Editors Note: “Price is Right” is a running column from local film enthusiast Mr. Price. He reviews selected Strasburg Film Festival films. If he posts a negative review, then the Shenandoah Film Collaborative will respond within his reviews as to why we selected the certain film. By going about it this way, we can help ensure the reader that these are honest film reviews.
“A Mother’s Will” documents the production of a musical by the same name in the wake of tragedy. After the death of her son Will, Ann-Charlotte Robinson helps to create this play as a way to spread awareness about suicide and mental illness. The film, and the play it documents, serve as both a heartfelt eulogy to someone who meant the world to those involved, and a message to others in a similar situation.

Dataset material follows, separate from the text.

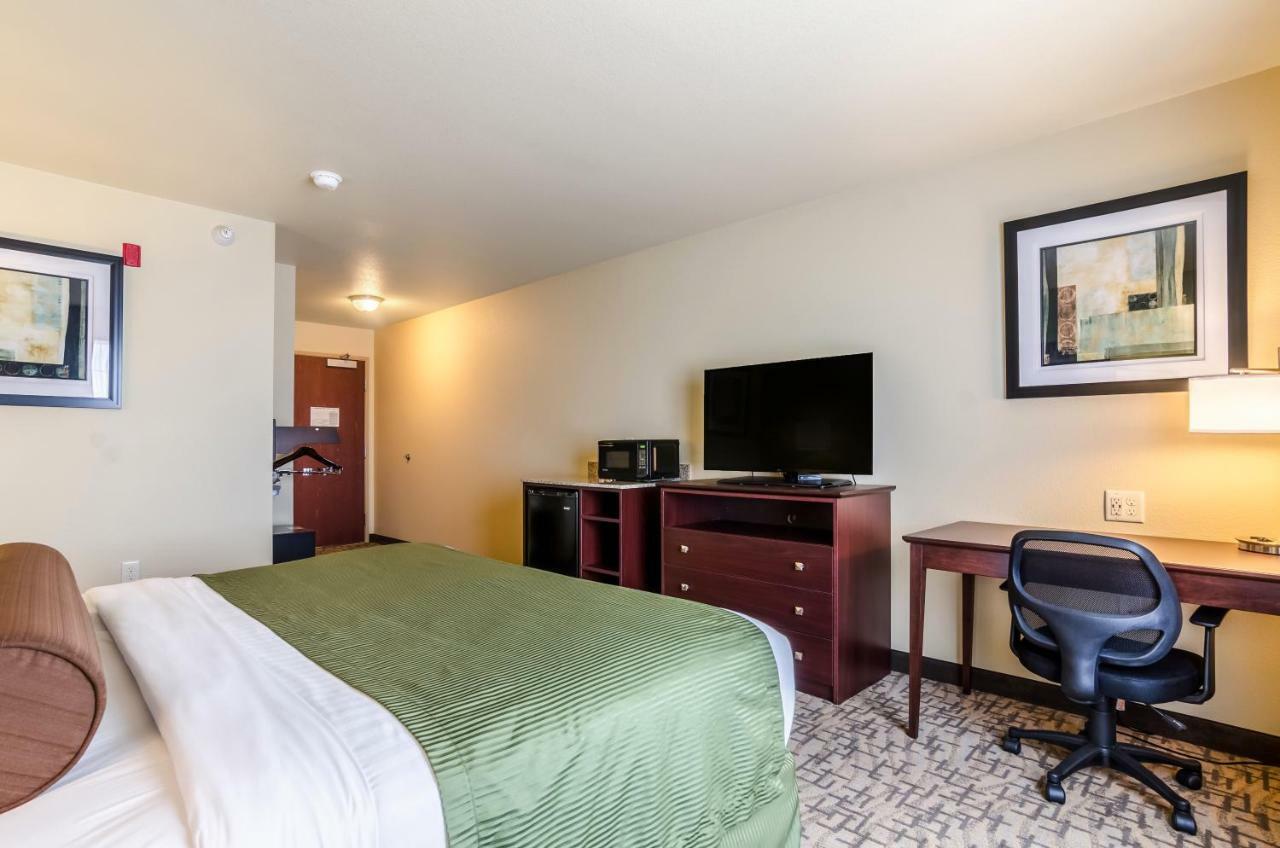 Cobblestone Hotel & Suites - Mccook Kültér fotó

“A Mother’s Will” alternates between showing us bits and pieces of Will’s life and exploring the effect of his passing on his loved ones. Clips from old home videos starkly enforce the profound tragedy of his death, while at the same time the interviews with family, friends, and the creators behind the play reveal how deeply loved Will was. The core of the film is the idea that even, or especially, those most wounded by Will’s passing have dedicated themselves to doing anything possible to make a change in the world, to prevent the next tragedy of this nature. The strength of Ann-Charlotte is on full display here. Her willingness to be so open with this pain, so that others will know they are not alone, is astounding and inspiring.

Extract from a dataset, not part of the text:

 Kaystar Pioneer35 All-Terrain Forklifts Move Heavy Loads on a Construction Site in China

Both the film and musical “A Mother’s Will” are about trying to make something positive out of tragedy, and in this they absolutely succeed. The pain documented here is brutally real, but that is not where the film’s focus is. Rather, it is on the attempt by a group of incredible people to do some good with that pain, to encourage those in a similar situation to reach out, and to do whatever is possible to keep this from happening to any others.